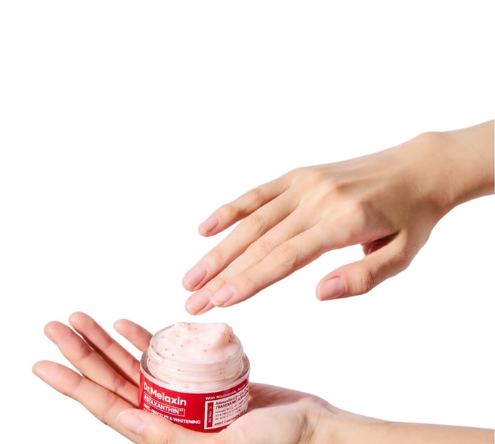 [Dr. Melaxin] TX-ASTAXANTHIN ANTI-DARK SPOT & BRIGHTENING CAPSULE CREAM 50g 112ea/box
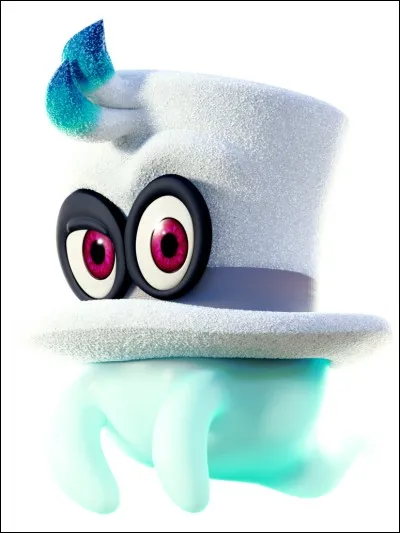 Quel est ce personnage ?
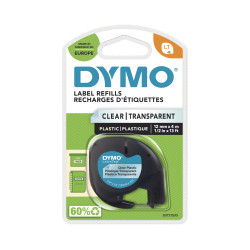 Etykiety do drukarek Nie 1 sztukW rolce Dymo Letratag LT100H, Dymo Letratag LT100T Dymo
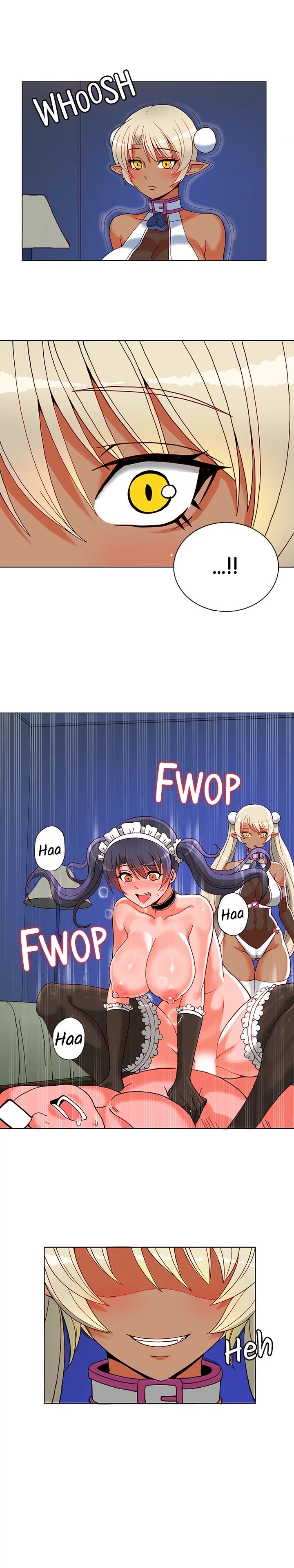 JOHNSON CONTRACT Manhwa - Chapter 8 Page 2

__TASK TO COMPLETE__: An exact copy of every line above is needed, without the images.

__RESULT FOR THIS EXERCISE__:
 [Dr. Melaxin] TX-ASTAXANTHIN ANTI-DARK SPOT & BRIGHTENING CAPSULE CREAM 50g 112ea/box
 Quel est ce personnage ?
 Etykiety do drukarek Nie 1 sztukW rolce Dymo Letratag LT100H, Dymo Letratag LT100T Dymo
 JOHNSON CONTRACT Manhwa - Chapter 8 Page 2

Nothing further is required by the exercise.